À Montréal, où l’Office québécois de la langue française recommande
le terme « baguel », on doit à Isadore Shlafman les premiers bagels.
Installée sur « La Main » – le boulevard Saint-Laurent
qui partage de manière symbolique et toponymique la ville entre l’Est et l’Ouest
–, en 1919, puis sur la rue Fairmount en 1949,
la Fairmount Bagel est la plus ancienne boulangerie de bagels montréalais.
Aujourd’hui encore aux mains de la famille Shlafman, elle a ses adaptes
qui ne veulent en aucun cas entendre parler de la St-Viateur Bagel,
fondée par Hyman Selikman et Meyer Lewkowicz, en 1957,
rachetée depuis par un Italien de Montréal, Joe Morena.
Querelle de clocher – ou plutôt de schül!–, les deux établissements
qui ont pignon sur rue dans le même quartier – le Mile End,
aux allures de Mea Sharim en raison de la forte communauté orthodoxe
qui y vit – perpétuent une tradition artisanale et une rivalité
qui font du bagel un des symboles de Montréal et l’opposent à celui de New York.
Entre les deux, la différence tiendrait aux ingrédients et aux modes de cuisson.
En premier lieu, la farine. Celle du Canada est plus forte et contient davantage
de protéines qu’aux Etats-Unis, ce qui confère une plus grande élasticité
à la boulange. Une fois la pâte pétrie dans les malaxeurs, les bagels
sont façonnés à la main, puis plongés dans l’eau bouillante.
À Montréal, l’eau est légèrement sucrée (au sucre ou au miel),
tandis qu’elle est salée à New York. Au naturel ou parsemés de graines de sésame,
de pavot ou de cumin, les rondelles ébouillantées terminent de cuire dans un four
à bois pendant 15 minutes.
D’autres ingrédients, comme du malt, des œufs, de l’huile peuvent être ajoutés
à la pâte, ainsi que des agents de conservation pour les bagels industriels.
Les garnitures sont aussi à l’avenant, allant des pépites de chocolat
à l’ail en passant par les raisins secs, l’oignon frit et toutes sortes d’aromates.
Cela dit, une des meilleures façons d’apprécier les bagels consiste
à les servir avec du saumon fumé à la manière montréalaise.

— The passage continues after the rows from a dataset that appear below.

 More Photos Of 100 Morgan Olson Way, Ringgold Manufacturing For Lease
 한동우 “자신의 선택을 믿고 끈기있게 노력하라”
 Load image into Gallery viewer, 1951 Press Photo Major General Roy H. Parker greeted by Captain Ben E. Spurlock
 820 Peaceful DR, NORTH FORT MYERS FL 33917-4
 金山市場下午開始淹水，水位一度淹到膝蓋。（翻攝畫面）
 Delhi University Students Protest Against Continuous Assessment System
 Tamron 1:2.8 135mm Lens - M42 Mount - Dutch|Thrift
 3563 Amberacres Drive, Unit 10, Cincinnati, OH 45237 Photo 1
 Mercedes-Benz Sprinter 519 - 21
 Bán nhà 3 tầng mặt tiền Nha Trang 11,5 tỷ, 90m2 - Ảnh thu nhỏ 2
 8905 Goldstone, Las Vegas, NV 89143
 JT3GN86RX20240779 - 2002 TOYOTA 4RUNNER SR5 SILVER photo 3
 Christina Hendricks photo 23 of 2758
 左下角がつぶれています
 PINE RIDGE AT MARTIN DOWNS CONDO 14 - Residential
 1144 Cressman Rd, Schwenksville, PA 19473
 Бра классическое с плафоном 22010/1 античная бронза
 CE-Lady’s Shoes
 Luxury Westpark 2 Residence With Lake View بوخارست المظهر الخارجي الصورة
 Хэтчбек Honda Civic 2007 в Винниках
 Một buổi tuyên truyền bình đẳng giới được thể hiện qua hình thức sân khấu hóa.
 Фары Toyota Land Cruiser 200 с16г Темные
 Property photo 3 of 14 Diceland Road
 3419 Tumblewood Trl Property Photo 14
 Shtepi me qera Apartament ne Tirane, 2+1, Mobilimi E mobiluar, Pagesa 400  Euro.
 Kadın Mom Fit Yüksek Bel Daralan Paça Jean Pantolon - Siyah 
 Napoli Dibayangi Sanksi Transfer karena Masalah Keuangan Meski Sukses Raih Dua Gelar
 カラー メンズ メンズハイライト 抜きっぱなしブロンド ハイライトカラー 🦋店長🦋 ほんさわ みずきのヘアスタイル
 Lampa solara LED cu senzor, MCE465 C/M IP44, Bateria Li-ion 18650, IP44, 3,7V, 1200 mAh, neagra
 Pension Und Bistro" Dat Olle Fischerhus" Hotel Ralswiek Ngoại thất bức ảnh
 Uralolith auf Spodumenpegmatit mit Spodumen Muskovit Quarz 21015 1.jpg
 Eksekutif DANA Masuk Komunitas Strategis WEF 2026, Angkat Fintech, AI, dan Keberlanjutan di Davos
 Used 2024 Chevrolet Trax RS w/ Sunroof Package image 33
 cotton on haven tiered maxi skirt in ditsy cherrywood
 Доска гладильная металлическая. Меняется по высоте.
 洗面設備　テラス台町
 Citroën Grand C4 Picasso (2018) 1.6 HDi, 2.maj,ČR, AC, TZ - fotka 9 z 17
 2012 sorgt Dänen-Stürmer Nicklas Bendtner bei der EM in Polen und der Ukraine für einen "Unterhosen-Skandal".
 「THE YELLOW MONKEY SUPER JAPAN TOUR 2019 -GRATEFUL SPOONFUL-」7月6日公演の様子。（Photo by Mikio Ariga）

C’est-à-dire coupé en deux, passé au gril légèrement,
tartiné de fromage à la crème (du Philadelphia ou du St-Morêt),
recouvert d’une belle tranche de saumon fumé tranchée à la main
(de préférence), puis garni d’une marinade d’oignon aux câpres*.
Un petit coup de blanc ou de vodka, et vous m’en direz des (bonnes) nouvelles!
* Peler un oignon, puis le couper en fines rondelles dans un bol.
Ajouter les câpres et leur jus, ainsi qu’une petite cuillère de sucre en poudre.
Si nécessaire, allonger avec du vinaigre blanc uniquement,
pour recouvrir tous les ingrédients. On peut aussi mettre un peu de thym.
Mélanger le tout et laisser macérer, en remuant de temps en temps,
au moins une demi-journée avant de servir. Chacun égouttera ses oignons et câpres
qui accompagneront son bagel au saumon.